Сам Кант придерживается именно такого мнения (XVII: 648). Однако тождество этих тезисов не самоочевидно. Требуется дополнительное обоснование, оправдывающее возможность перехода от условий мыслимости объективной связи представлений к условиям существования подобных связей и представлений в созерцании. Такое обоснование не выглядит невозможным. Достаточно вспомнить, что в 1775 году для Канта Я как вещь в себе есть именно "мыслящий субъект" (ср. XVII: 647), и раз так, то небезосновательным выглядит утверждение, что для отнесения представлений к Я требуются именно те функции, которые необходимы для того, чтобы помыслить представления относящимисяк вещам самим по себе.
Итак, реконструкция трансцендентальной дедукции 1775 года вполне может быть защищена от одного из самых опасных возражений.

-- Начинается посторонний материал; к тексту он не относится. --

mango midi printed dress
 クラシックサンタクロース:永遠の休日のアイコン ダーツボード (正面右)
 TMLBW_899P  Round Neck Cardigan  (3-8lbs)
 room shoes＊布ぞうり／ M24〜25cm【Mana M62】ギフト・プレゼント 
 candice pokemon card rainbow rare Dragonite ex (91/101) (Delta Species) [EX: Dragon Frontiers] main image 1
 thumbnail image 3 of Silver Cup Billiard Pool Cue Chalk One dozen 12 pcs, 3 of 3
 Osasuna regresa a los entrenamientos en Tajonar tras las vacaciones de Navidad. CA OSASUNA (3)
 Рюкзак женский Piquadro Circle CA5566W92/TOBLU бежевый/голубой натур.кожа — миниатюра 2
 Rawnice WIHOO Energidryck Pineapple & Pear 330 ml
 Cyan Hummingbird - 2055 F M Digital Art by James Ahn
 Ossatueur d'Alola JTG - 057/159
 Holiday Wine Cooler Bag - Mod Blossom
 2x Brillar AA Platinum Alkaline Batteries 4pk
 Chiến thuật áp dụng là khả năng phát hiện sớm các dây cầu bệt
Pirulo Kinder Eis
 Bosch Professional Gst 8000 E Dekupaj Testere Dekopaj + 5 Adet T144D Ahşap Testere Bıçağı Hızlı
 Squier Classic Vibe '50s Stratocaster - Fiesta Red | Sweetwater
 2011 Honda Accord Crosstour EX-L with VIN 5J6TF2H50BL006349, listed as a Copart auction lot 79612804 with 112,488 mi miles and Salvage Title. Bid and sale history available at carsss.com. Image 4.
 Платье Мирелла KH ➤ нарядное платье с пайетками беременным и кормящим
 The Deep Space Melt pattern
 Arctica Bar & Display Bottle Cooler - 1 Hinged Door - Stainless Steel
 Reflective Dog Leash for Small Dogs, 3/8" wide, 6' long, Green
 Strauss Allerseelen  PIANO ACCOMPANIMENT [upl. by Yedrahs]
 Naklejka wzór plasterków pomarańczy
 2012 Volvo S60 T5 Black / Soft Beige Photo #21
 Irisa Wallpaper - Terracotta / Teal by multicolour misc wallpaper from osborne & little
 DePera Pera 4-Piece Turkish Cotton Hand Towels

Однако это вовсе не означает признания аподиктической истинности кантовской аргументации. Скорее наоборот, только теперь ее можно по-настоящему проблематизировать. Ведь все зависит от корректности принимаемой Кантом онтологической модели "внечувственная вещь - субъективное представление" и трактовки "Я" в качестве парадигмы для этой схематики. Но обсуждение истинности этих предпосылок, конечно же, выходит за рамки нашей темы.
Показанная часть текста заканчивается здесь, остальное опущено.